Most Innovative Gameplay: ARC Raiders (My Vote: Blue Prince)
Go figure an extraction shooter, which there’s like at least 100 of now, gets “most innovative”. I don’t know what it is people see in this, does it just fix what’s wrong with a lot of those? I’d heard something about how the design of it tends to insist more on co-op than competitive but I don’t know. The fact I picked what’s essentially a roguelike puzzler I think over something of that genre, not only considering that I’ve never played either game but also this is for “most innovative” kinda says what I think of the extraction shooter genre. Mage Arena at least has voice-to-spell features. The other options are I think another extraction shooter kinda thing and some grand strategy deal. Again stuff I’ve seen before. I try to keep an eye on the weird indie scene when I can.
Best Game You Suck At: Hollow Knight Silksong (Also My Vote)
Yeah, no shit. The other option is the Elden Ring standalone expansion thing, a Marvel hero shooter/brawler/something, and a couple other things. I do not want to play Soulslikes or anything like them really. The closest I came was Another Crab’s Treasure on Game Pass, and that was with several “assists” on including GUN which was more just to see how that game worked in such a way. Same developer behind Peak of course. I wonder if they’ll ever make a game I’m truly interested in.
Best Soundtrack: Clair Obscur Expedition 33 (My Vote: Deltarune)
Sure, the winner of just about every other award this time around has a nice soundtrack that I’ve kinda heard in places, but I just kinda have a thing for the memetic jams that come from the works of Toby Fox. And it’s still not done. More bangers await. I wonder if more Toby Fox compositions will show up in Pokémon games again later on. Scarlet/Violet did have some cool tracks in there. And an Ed Sheeran jumpscare.
Outstanding Story-Rich Game: Dispatch (Also My Vote)
Obviously the game that comes from former Telltale people. While I did get tired of those at one point, this one seems fresh, and it’s not based on a licensed property either so this is just all their own doing. Also again I figure I’d like to watch this if not play it. I can at least say I’m definitely not interested in the story of Last of Us 2 though, or even 1. Outside of the memes that happened from it.

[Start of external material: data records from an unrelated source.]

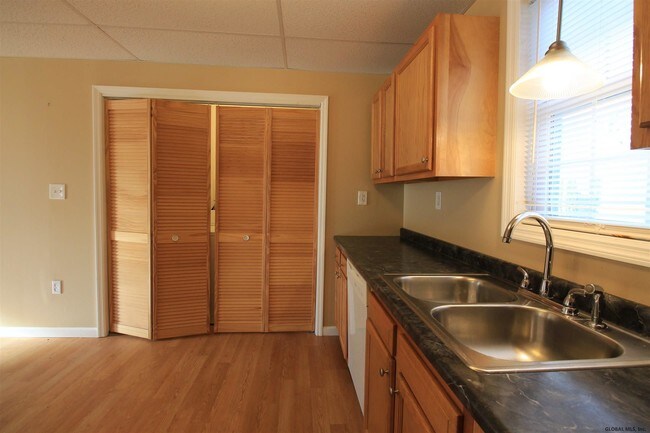 Foto del edificio - 42 Crane St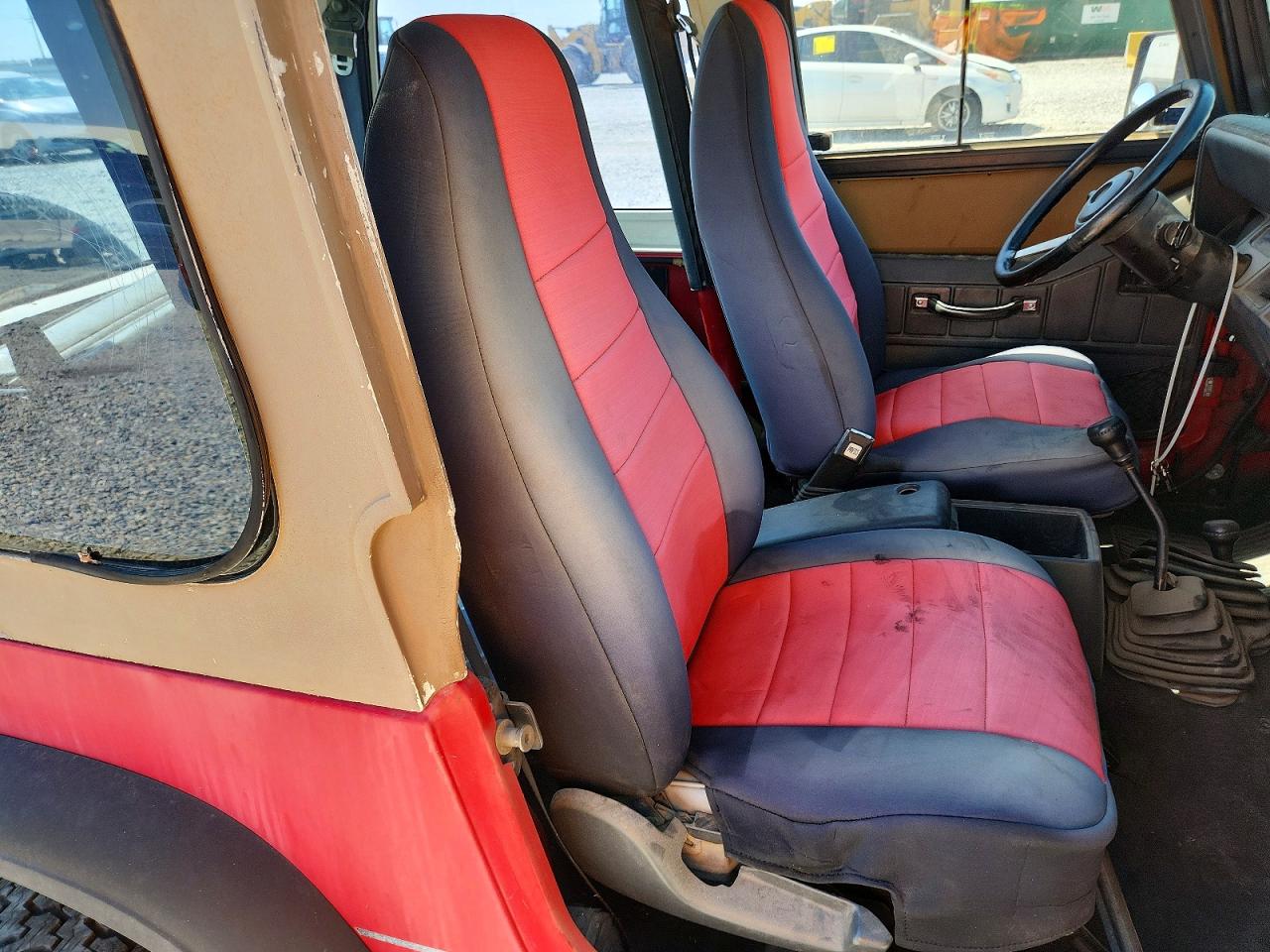 1992 Jeep Wrangler / Yj Islander Красный vin: 2J4FY39S3NJ558259
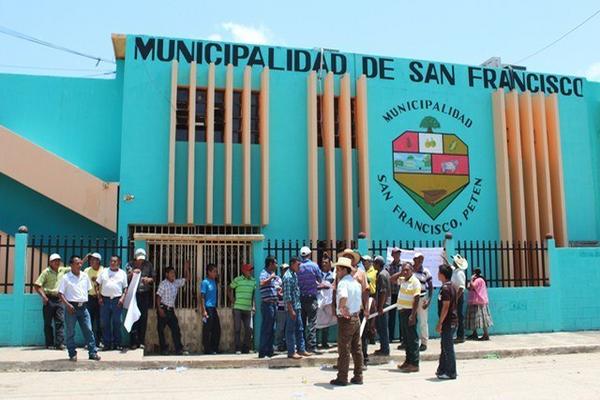 Líderes comunitarios de San Francisco, Petén, protestan frente a la comuna por la cancelación de contratos de obras  de desarrollo. (Foto Prensa Libre: Rigoberto Escobar)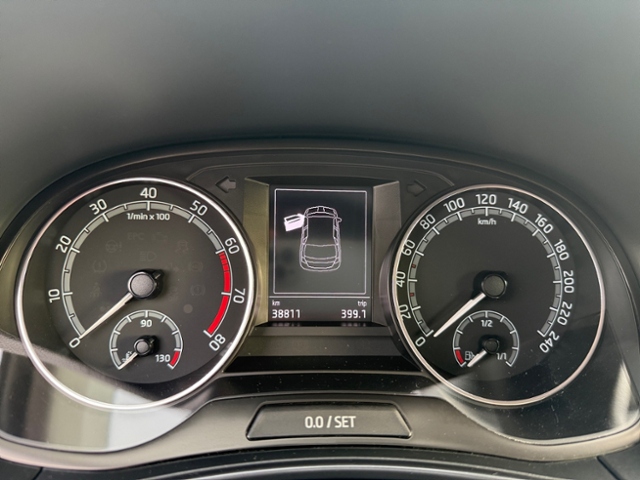 Fabia 1.0 TSI Ambition SHZ PDC Navi KLIMA LED AL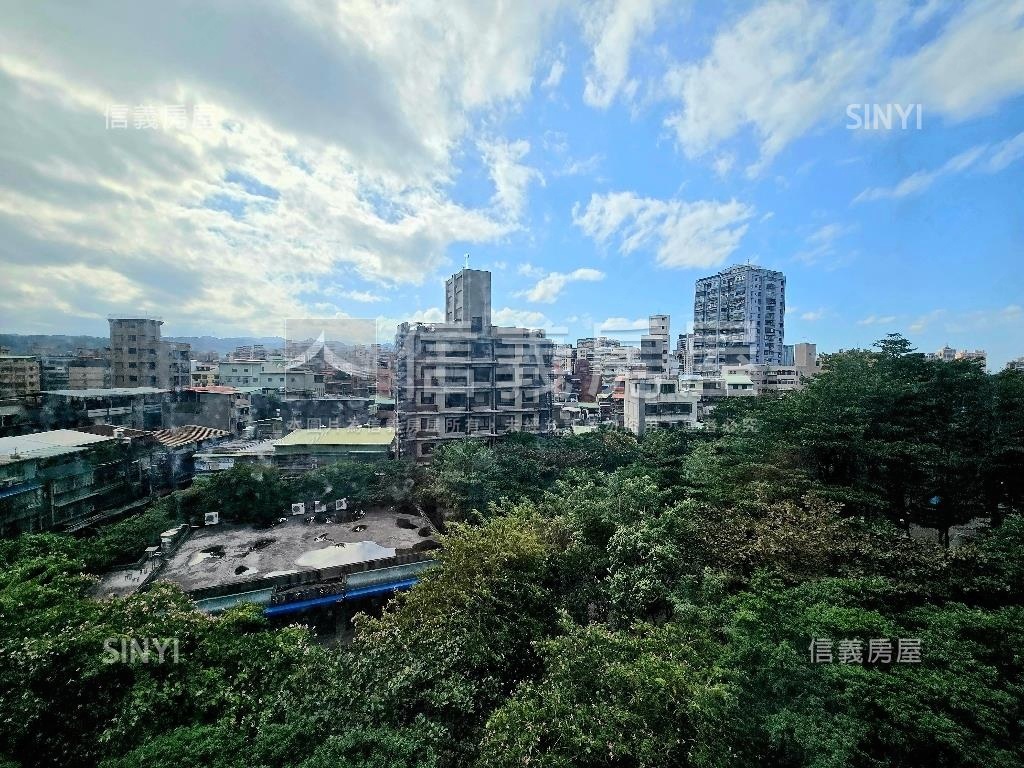 面重慶公園華廈套房房屋室內格局與周邊環境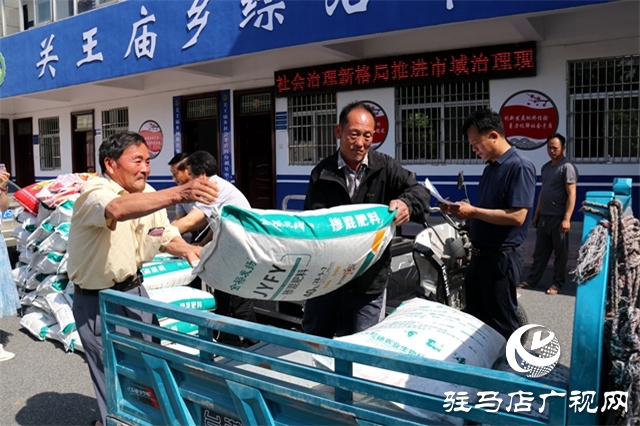 免费发放肥料种子，暖心助力乡村振兴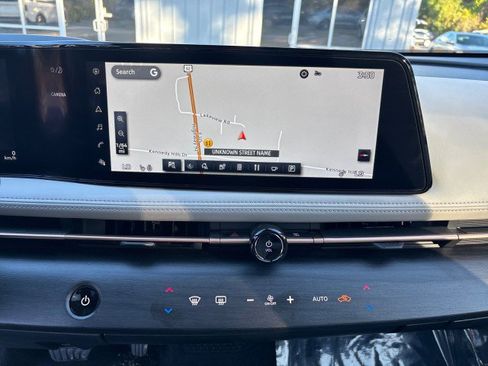 Used 2024 Nissan Ariya EVOLVE+ e-4ORCE * 272mi Est. R image 19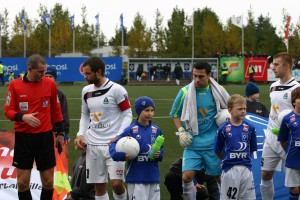 <p>
	&Iacute;slandsmeistarar 2010. &nbsp;Blikar st&iacute;ga &aacute; stokk, tilb&uacute;nir a&eth; taka vi&eth; sigurlaununum.</p>
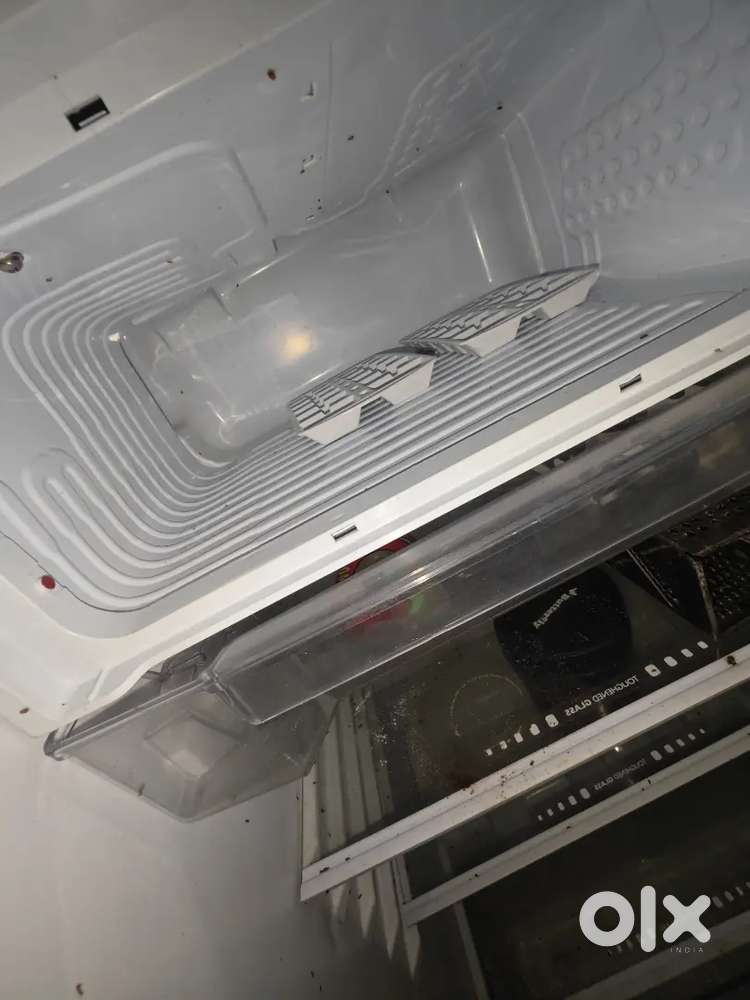 Onida 190 litre, just 5 months used, 10 year warranty, 3 star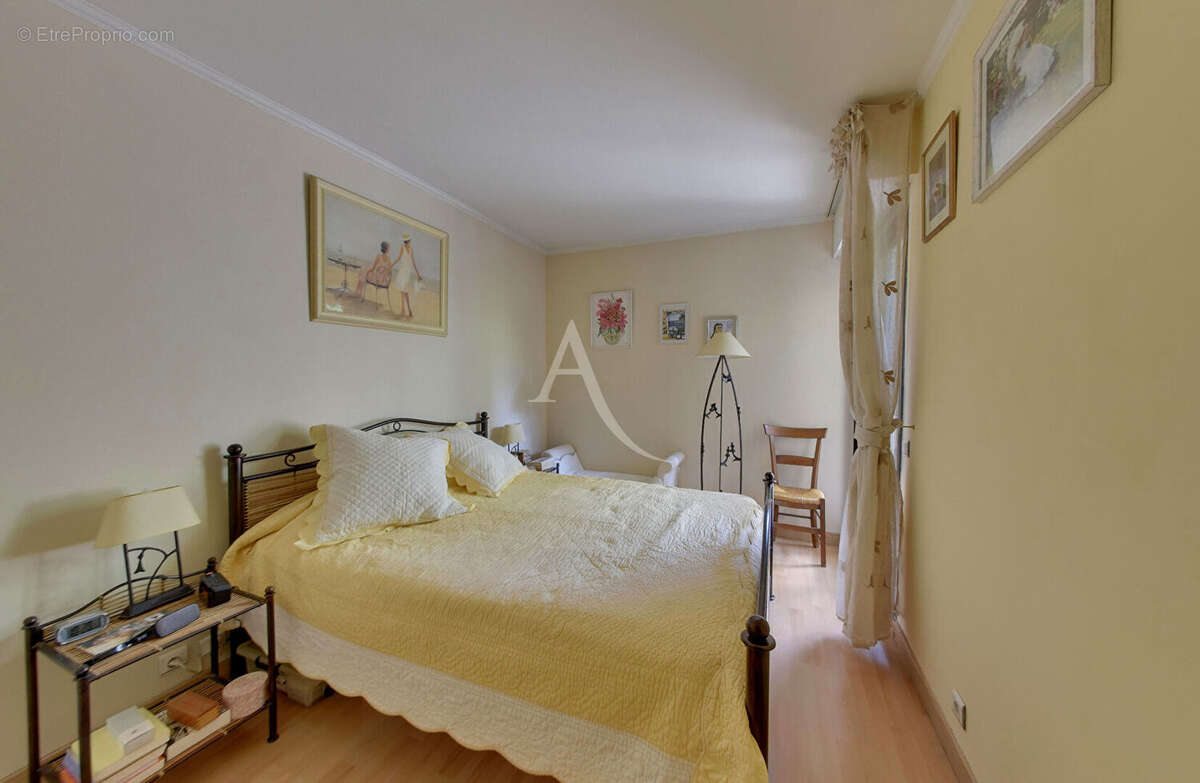 Appartement à LE PERREUX-SUR-MARNE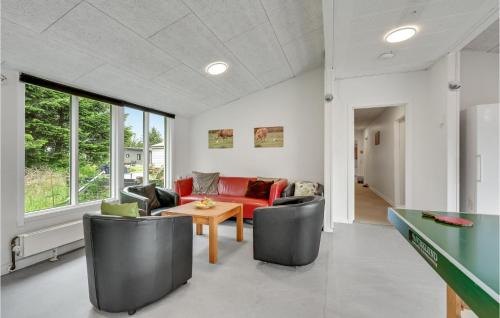 Henne Casa | 8 Bedroom Cozy Home In Henne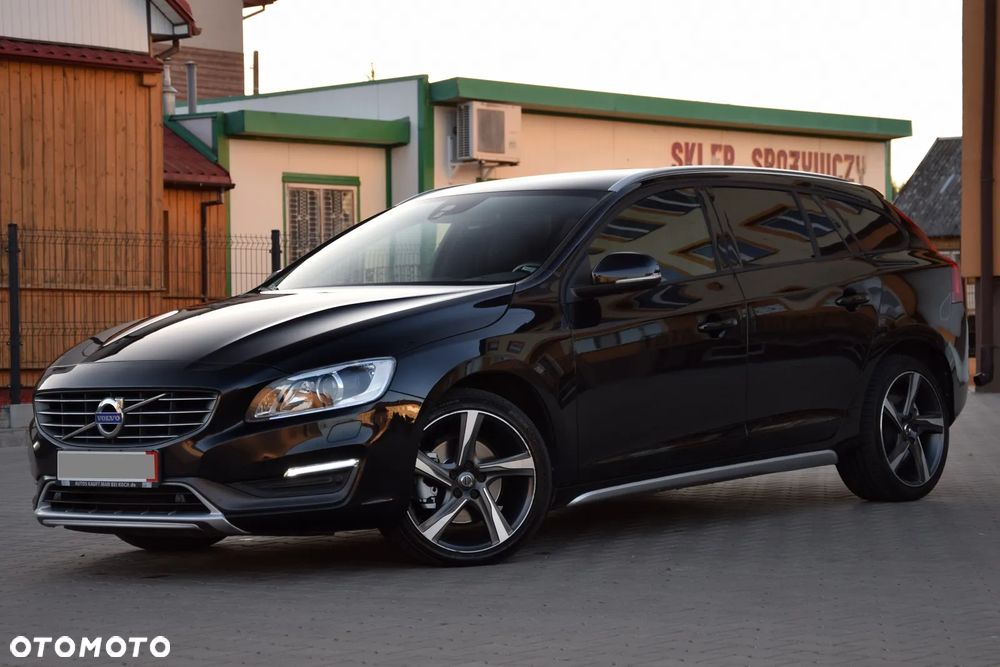 Volvo V60 D4 Geartronic Momentum - 9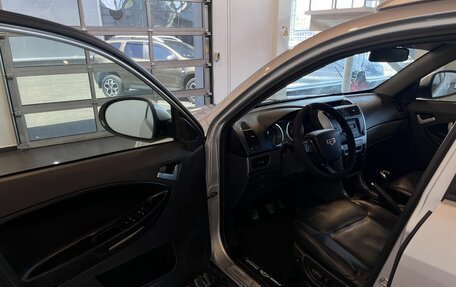 Geely Emgrand X7 I, 2015 год, 600 000 рублей, 19 фотография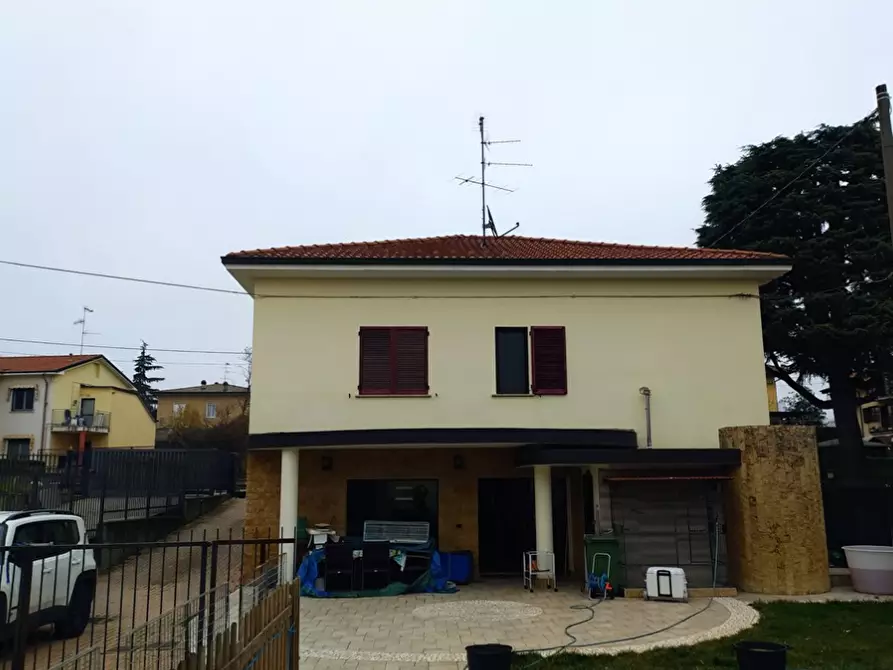Immagine 3 di Villa in vendita  a Cairate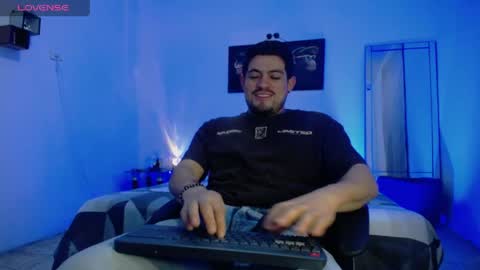 Snapshot of william_steel_ chatting on 18, 5, 2026 William Steel online show from 18, 5, 2026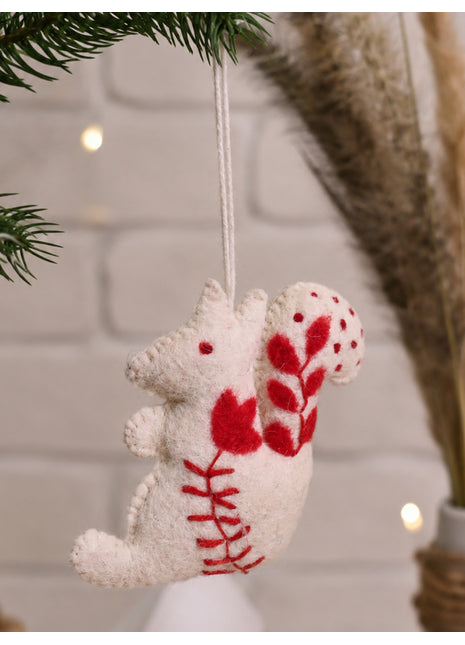 Handmade Wool Felt Squirrel Hanging Ornament – Nordic Embroidered Woodland Holiday Decor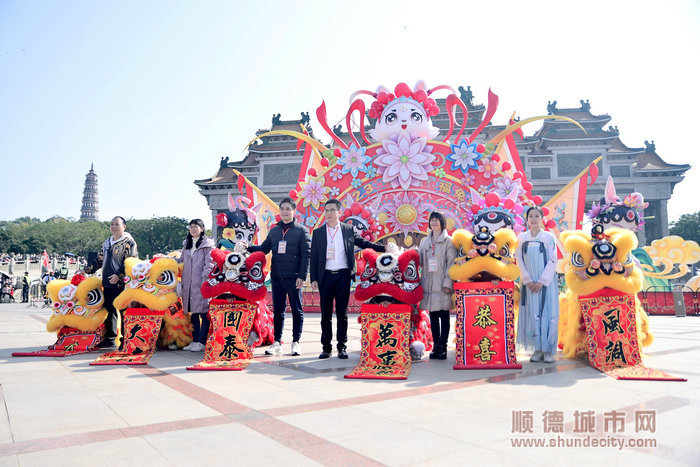 顺峰山下寻找年俗计划——“最炫岭南风”新春大巡游活动在顺峰山公园举行。.jpg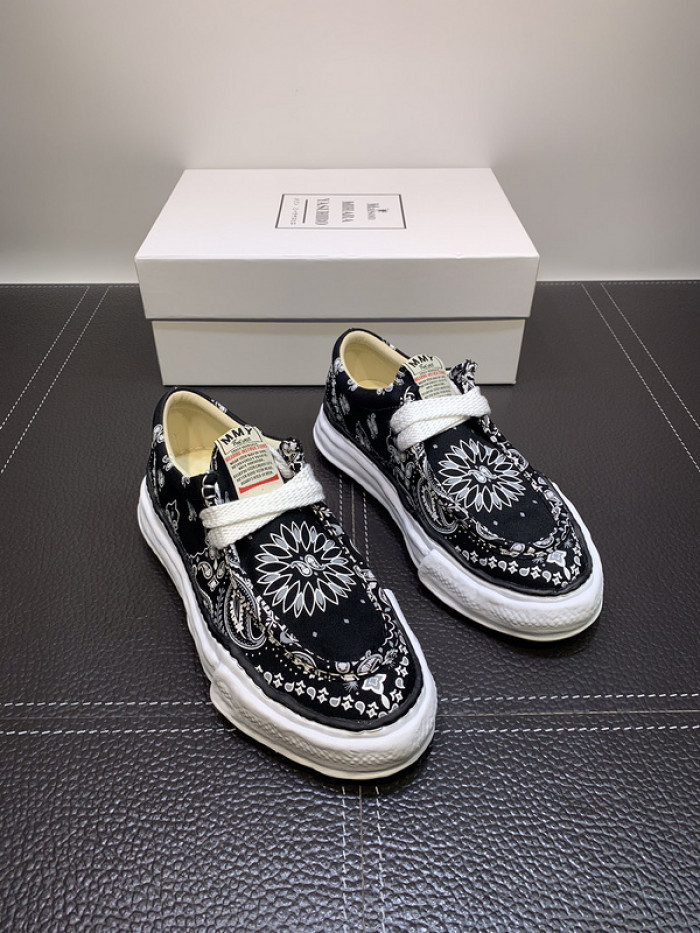 Ma*s*n mihara yasuhiro sneaker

Sit Back and Relax: RV There Yet? (My Vote: Slime Rancher 2)
Another “friendslop” thing on here, apparently pretty Peak-inspired so no thank you. I do not find that relaxing. For me it was a toss-up between Slime Rancher 2 and PowerWash Simulator 2, two sequels to games I enjoyed the previous ones of. I just felt like Slime Rancher 2 has a bit more going on in it while PowerWash Simulator 2 is just pure job-doing, and yet I still enjoy doing that a bit to unwind. Maybe in that sense that would fit the category more but still.
So for a set of games I haven’t played most of, I picked things I felt seemed neat at least or at least fit the category enough. And naturally I’m not fully aligned with the tastes of most people. That’s just business as usual. Now back to working on my personal finished game picks and also yelling at music.